Y viene a cuento la retórica porque he recibido una fotografía de mi amigo, el profesor J. Segura, experto fotógrafo y gran teórico de la imagen, a cuenta de no sé qué proyecto de libro del que hablamos en cierta ocasión. No recuerdo bien el asunto, el tiempo insiste en desteñir cuanto toca y a éste muy manoseado lo tiene, si bien todavía conservo una borrosa idea; en ella letra e imagen indagan unidas a la búsqueda de un esquivo significado. Lo cierto es que mi buen amigo es sin duda responsable de que yo sostenga esta fotografía; insiste en superar la mala relación entre palabra y figura, con el añadido, además, de un Atila que recorre incendiando tiempo y espacio: el estrépito de la indolencia, y no sin riesgo espera mi comentario (su secreta intención es alentarme, con fe inaudita, a finar lo acordado).

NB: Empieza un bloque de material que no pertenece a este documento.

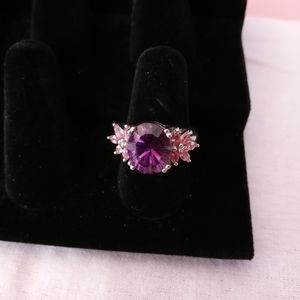 Amethyst and Pink Topaz Ring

Bien, me contradigo; aparto el papel con su carga de garabatos y vuelvo a la foto: motor del pensamiento, esta captura, su atmósfera, ha de suscitar el movimiento de la letra hacia otra realidad, híbrida y, por tanto, inventada. A ello me obligo, insisto, por el criterio que implícitamente me reconoce y porque su amabilidad, la de mi amigo, obliga.